Andrew Seinet-Spaulding shone in his debut season as a defensive tackle with the McGill men’s football team.
He earned numerous accolades, including being named team MVP, making him only the third rookie in the team’s history to win that honour – a milestone initially achieved by Michael Soles, BA’89, who went on to play professionally in the Canadian Football League.
Seinet-Spaulding shares another tie to the famed player. The lineman is a recipient of the Michael Soles Football Award, which provides financial assistance to football players in good academic standing.

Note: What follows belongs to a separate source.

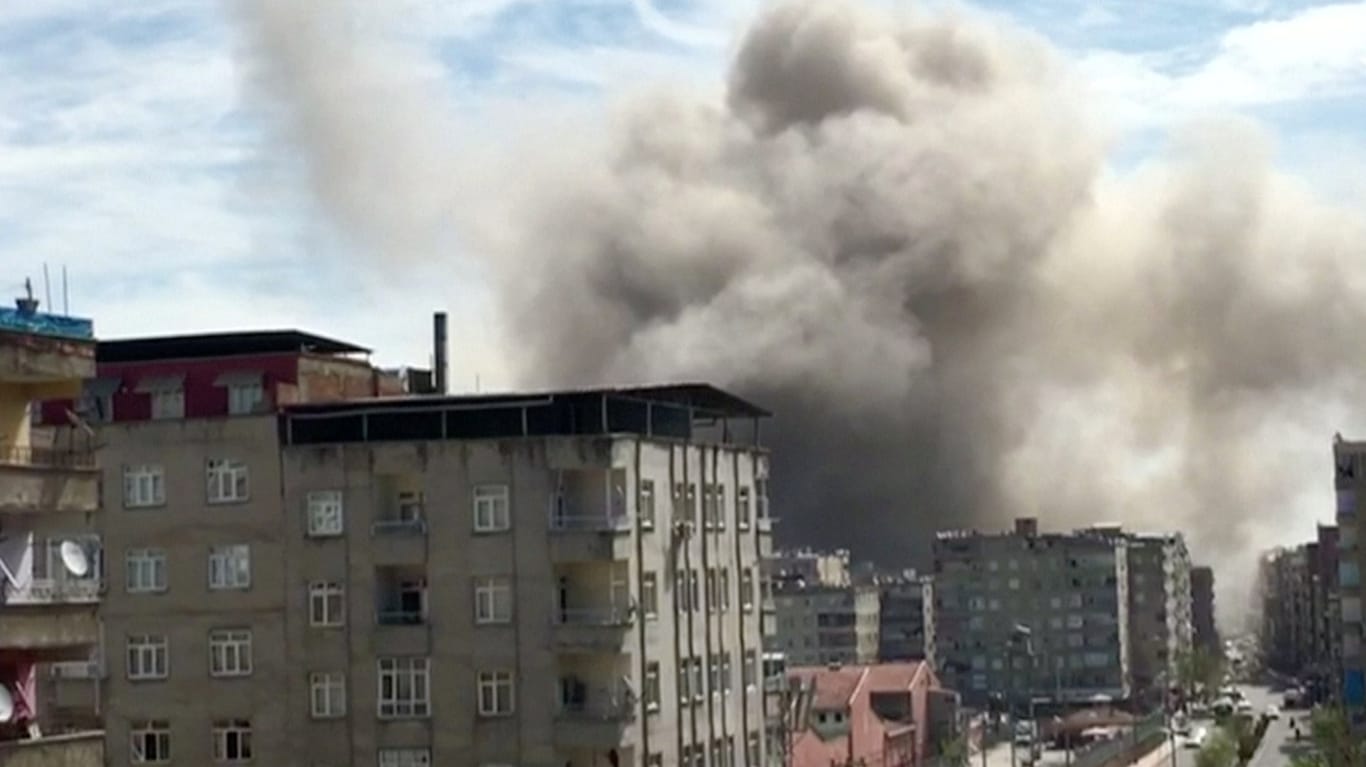 Nach der Explosion in Diyarbakir steigt eine Rauchwolke auf.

“I wouldn’t know how I would be in school right now if it wasn’t for the Mike Soles award,” he says.
During his freshman year, Seinet-Spaulding also had a chance to meet Soles, who suffers from Amyotrophic Lateral Sclerosis (ALS). “He attends all the banquets that we have, so we get the chance to meet him and talk to him. He cheers us on – he’s always with us.”

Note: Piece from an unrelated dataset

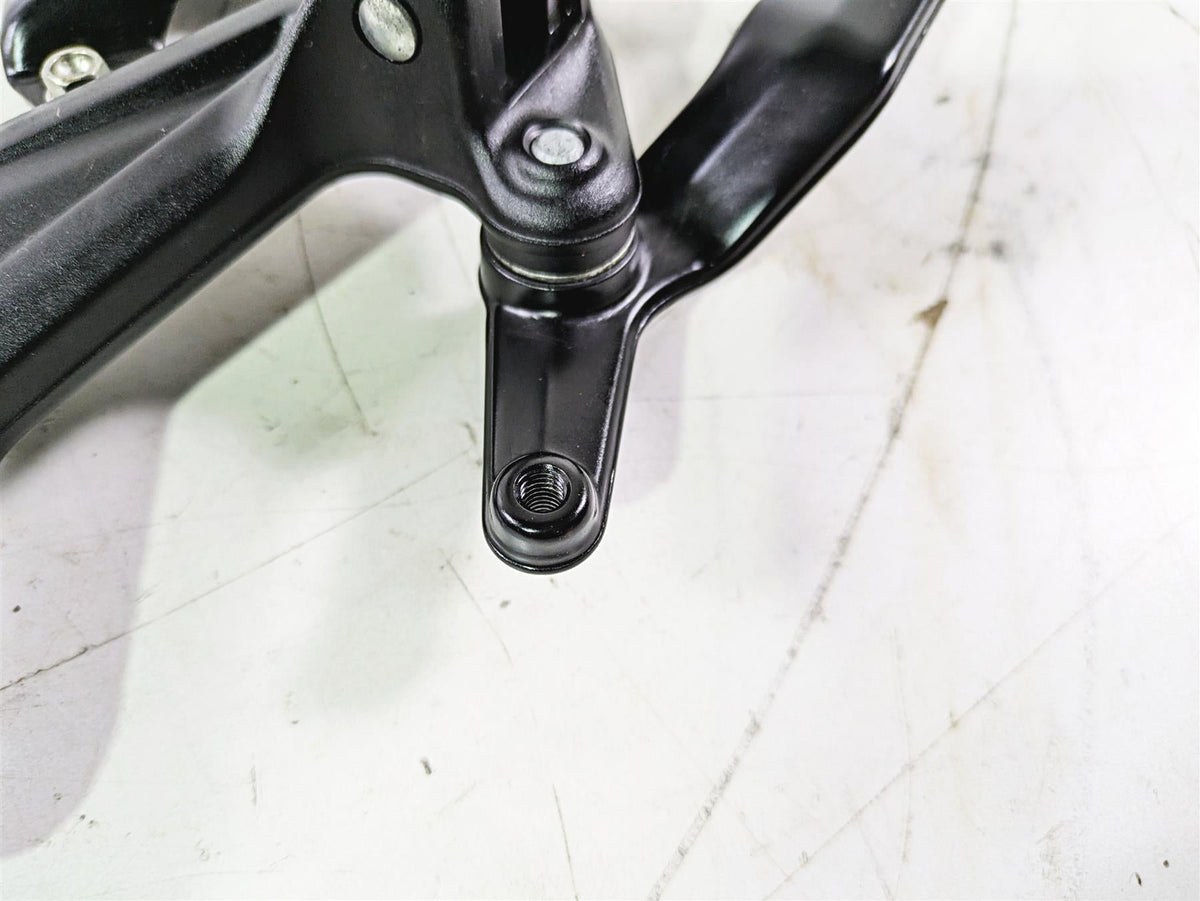 2022 MV Agusta F3 800 Rosso Left Front Footpeg & Shifter Set 80A0B7474 {{ shop.shopifyCountryName }} - Mototech271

Soles won 48 awards during his time at McGill and played a pivotal role in his team’s unexpected 1987 Vanier Cup victory, before graduating to a successful CFL career. In 2014, his former McGill teammates looked for a way to honour him and his football legacy. “It had to be memorable and it had to be lasting,” explained former slotback Bruno Pietrobon, BEng’89, when the Michael Soles Football Award was inaugurated.
Pietrobon and four other former members of the legendary ’87 team aimed to raise $80,000 on McGill’s Seeds of Change crowdfunding platform to endow the award. They quickly surpassed that, with donations ultimately reaching $250,000. The five organizers, along with Soles, won the McGill Alumni Association’s E.P. Taylor Award for their efforts.

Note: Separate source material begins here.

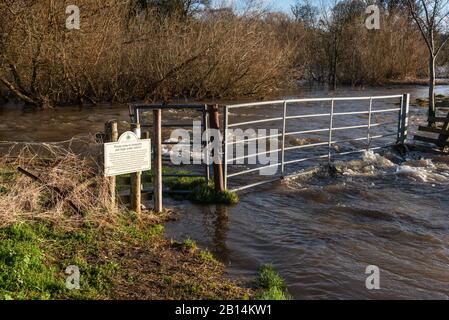 Sentier inondé le long de la rivière Ure à Wensley dans le Yorkshire du Nord Banque D'Images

Seinet-Spaulding has his own sights set on playing in the CFL, but his other long-term goal is to become a social worker. That dream is becoming a reality: having finished preparatory courses in Health and Social Services Management at McGill’s School of Continuing Studies, this fall he will shift into the Bachelor of Social Work program in the Faculty of Arts. All he’s wanted to do since he was young, he says, is to help troubled youth.
School and football involve a lot of work, but Seinet-Spaulding says that’s the life of a student athlete. “If you want to play football, you have to go to school. And school’s first.”